== What you need to do ==
A verbatim reproduction of all the entries is needed.

== Provided data ==
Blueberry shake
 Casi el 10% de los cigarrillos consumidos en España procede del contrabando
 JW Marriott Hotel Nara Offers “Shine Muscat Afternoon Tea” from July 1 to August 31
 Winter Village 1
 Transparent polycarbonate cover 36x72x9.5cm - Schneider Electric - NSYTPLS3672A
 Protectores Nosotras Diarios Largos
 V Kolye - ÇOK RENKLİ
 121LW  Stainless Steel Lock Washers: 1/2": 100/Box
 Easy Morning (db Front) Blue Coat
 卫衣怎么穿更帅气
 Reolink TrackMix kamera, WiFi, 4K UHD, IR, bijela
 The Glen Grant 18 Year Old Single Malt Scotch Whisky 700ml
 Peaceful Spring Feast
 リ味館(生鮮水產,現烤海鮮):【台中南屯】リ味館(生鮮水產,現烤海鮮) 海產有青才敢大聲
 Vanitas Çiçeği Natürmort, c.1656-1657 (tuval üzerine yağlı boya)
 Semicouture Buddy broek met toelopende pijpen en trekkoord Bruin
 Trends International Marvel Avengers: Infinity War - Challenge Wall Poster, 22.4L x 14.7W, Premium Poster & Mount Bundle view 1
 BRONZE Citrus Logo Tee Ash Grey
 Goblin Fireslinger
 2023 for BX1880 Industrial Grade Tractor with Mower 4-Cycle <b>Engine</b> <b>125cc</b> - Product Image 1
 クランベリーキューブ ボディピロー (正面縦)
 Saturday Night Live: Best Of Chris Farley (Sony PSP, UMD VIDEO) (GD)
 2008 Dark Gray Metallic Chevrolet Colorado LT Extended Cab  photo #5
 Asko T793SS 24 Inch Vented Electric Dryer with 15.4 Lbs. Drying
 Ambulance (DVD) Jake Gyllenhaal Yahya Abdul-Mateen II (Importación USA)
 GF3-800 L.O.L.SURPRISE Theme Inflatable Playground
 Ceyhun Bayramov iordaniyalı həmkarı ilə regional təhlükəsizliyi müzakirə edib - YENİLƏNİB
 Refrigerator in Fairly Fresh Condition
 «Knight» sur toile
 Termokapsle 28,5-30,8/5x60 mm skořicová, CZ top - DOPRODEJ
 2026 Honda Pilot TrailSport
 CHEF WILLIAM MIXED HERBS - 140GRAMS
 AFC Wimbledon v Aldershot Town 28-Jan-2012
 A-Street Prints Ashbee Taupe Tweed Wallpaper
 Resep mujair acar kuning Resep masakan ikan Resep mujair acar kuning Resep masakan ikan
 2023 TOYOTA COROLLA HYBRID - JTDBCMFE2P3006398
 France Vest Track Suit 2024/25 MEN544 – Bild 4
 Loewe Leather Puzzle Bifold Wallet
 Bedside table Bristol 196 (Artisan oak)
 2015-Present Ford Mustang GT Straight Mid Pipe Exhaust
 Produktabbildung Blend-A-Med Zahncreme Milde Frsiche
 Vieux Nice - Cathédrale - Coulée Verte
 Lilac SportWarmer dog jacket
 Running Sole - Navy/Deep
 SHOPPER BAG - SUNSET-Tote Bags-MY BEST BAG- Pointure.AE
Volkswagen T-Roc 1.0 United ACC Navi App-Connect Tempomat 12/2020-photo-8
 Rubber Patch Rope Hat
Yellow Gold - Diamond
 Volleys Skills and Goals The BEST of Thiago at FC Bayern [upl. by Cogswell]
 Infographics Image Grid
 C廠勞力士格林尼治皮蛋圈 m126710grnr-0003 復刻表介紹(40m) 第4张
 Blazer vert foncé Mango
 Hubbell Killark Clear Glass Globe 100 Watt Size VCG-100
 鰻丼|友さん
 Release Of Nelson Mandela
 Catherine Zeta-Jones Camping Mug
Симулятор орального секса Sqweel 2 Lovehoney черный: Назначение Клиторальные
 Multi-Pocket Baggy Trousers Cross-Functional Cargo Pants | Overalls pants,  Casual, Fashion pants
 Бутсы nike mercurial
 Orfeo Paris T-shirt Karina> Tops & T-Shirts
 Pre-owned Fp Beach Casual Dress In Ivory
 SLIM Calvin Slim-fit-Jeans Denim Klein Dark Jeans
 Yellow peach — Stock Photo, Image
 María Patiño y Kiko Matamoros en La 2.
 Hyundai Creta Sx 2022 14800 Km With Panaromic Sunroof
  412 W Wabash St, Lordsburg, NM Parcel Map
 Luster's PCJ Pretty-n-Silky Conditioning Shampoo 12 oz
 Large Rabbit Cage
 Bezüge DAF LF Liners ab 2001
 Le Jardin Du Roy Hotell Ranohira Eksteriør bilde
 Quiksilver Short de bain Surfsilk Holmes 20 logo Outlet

== Result for this task ==
Blueberry shake
 Casi el 10% de los cigarrillos consumidos en España procede del contrabando
 JW Marriott Hotel Nara Offers “Shine Muscat Afternoon Tea” from July 1 to August 31
 Winter Village 1
 Transparent polycarbonate cover 36x72x9.5cm - Schneider Electric - NSYTPLS3672A
 Protectores Nosotras Diarios Largos
 V Kolye - ÇOK RENKLİ
 121LW  Stainless Steel Lock Washers: 1/2": 100/Box
 Easy Morning (db Front) Blue Coat
 卫衣怎么穿更帅气
 Reolink TrackMix kamera, WiFi, 4K UHD, IR, bijela
 The Glen Grant 18 Year Old Single Malt Scotch Whisky 700ml
 Peaceful Spring Feast
 リ味館(生鮮水產,現烤海鮮):【台中南屯】リ味館(生鮮水產,現烤海鮮) 海產有青才敢大聲
 Vanitas Çiçeği Natürmort, c.1656-1657 (tuval üzerine yağlı boya)
 Semicouture Buddy broek met toelopende pijpen en trekkoord Bruin
 Trends International Marvel Avengers: Infinity War - Challenge Wall Poster, 22.4L x 14.7W, Premium Poster & Mount Bundle view 1
 BRONZE Citrus Logo Tee Ash Grey
 Goblin Fireslinger
 2023 for BX1880 Industrial Grade Tractor with Mower 4-Cycle <b>Engine</b> <b>125cc</b> - Product Image 1
 クランベリーキューブ ボディピロー (正面縦)
 Saturday Night Live: Best Of Chris Farley (Sony PSP, UMD VIDEO) (GD)
 2008 Dark Gray Metallic Chevrolet Colorado LT Extended Cab  photo #5
 Asko T793SS 24 Inch Vented Electric Dryer with 15.4 Lbs. Drying
 Ambulance (DVD) Jake Gyllenhaal Yahya Abdul-Mateen II (Importación USA)
 GF3-800 L.O.L.SURPRISE Theme Inflatable Playground
 Ceyhun Bayramov iordaniyalı həmkarı ilə regional təhlükəsizliyi müzakirə edib - YENİLƏNİB
 Refrigerator in Fairly Fresh Condition
 «Knight» sur toile
 Termokapsle 28,5-30,8/5x60 mm skořicová, CZ top - DOPRODEJ
 2026 Honda Pilot TrailSport
 CHEF WILLIAM MIXED HERBS - 140GRAMS
 AFC Wimbledon v Aldershot Town 28-Jan-2012
 A-Street Prints Ashbee Taupe Tweed Wallpaper
 Resep mujair acar kuning Resep masakan ikan Resep mujair acar kuning Resep masakan ikan
 2023 TOYOTA COROLLA HYBRID - JTDBCMFE2P3006398
 France Vest Track Suit 2024/25 MEN544 – Bild 4
 Loewe Leather Puzzle Bifold Wallet
 Bedside table Bristol 196 (Artisan oak)
 2015-Present Ford Mustang GT Straight Mid Pipe Exhaust
 Produktabbildung Blend-A-Med Zahncreme Milde Frsiche
 Vieux Nice - Cathédrale - Coulée Verte
 Lilac SportWarmer dog jacket
 Running Sole - Navy/Deep
 SHOPPER BAG - SUNSET-Tote Bags-MY BEST BAG- Pointure.AE
Volkswagen T-Roc 1.0 United ACC Navi App-Connect Tempomat 12/2020-photo-8
 Rubber Patch Rope Hat
Yellow Gold - Diamond
 Volleys Skills and Goals The BEST of Thiago at FC Bayern [upl. by Cogswell]
 Infographics Image Grid
 C廠勞力士格林尼治皮蛋圈 m126710grnr-0003 復刻表介紹(40m) 第4张
 Blazer vert foncé Mango
 Hubbell Killark Clear Glass Globe 100 Watt Size VCG-100
 鰻丼|友さん
 Release Of Nelson Mandela
 Catherine Zeta-Jones Camping Mug
Симулятор орального секса Sqweel 2 Lovehoney черный: Назначение Клиторальные
 Multi-Pocket Baggy Trousers Cross-Functional Cargo Pants | Overalls pants,  Casual, Fashion pants
 Бутсы nike mercurial
 Orfeo Paris T-shirt Karina> Tops & T-Shirts
 Pre-owned Fp Beach Casual Dress In Ivory
 SLIM Calvin Slim-fit-Jeans Denim Klein Dark Jeans
 Yellow peach — Stock Photo, Image
 María Patiño y Kiko Matamoros en La 2.
 Hyundai Creta Sx 2022 14800 Km With Panaromic Sunroof
  412 W Wabash St, Lordsburg, NM Parcel Map
 Luster's PCJ Pretty-n-Silky Conditioning Shampoo 12 oz
 Large Rabbit Cage
 Bezüge DAF LF Liners ab 2001
 Le Jardin Du Roy Hotell Ranohira Eksteriør bilde
 Quiksilver Short de bain Surfsilk Holmes 20 logo Outlet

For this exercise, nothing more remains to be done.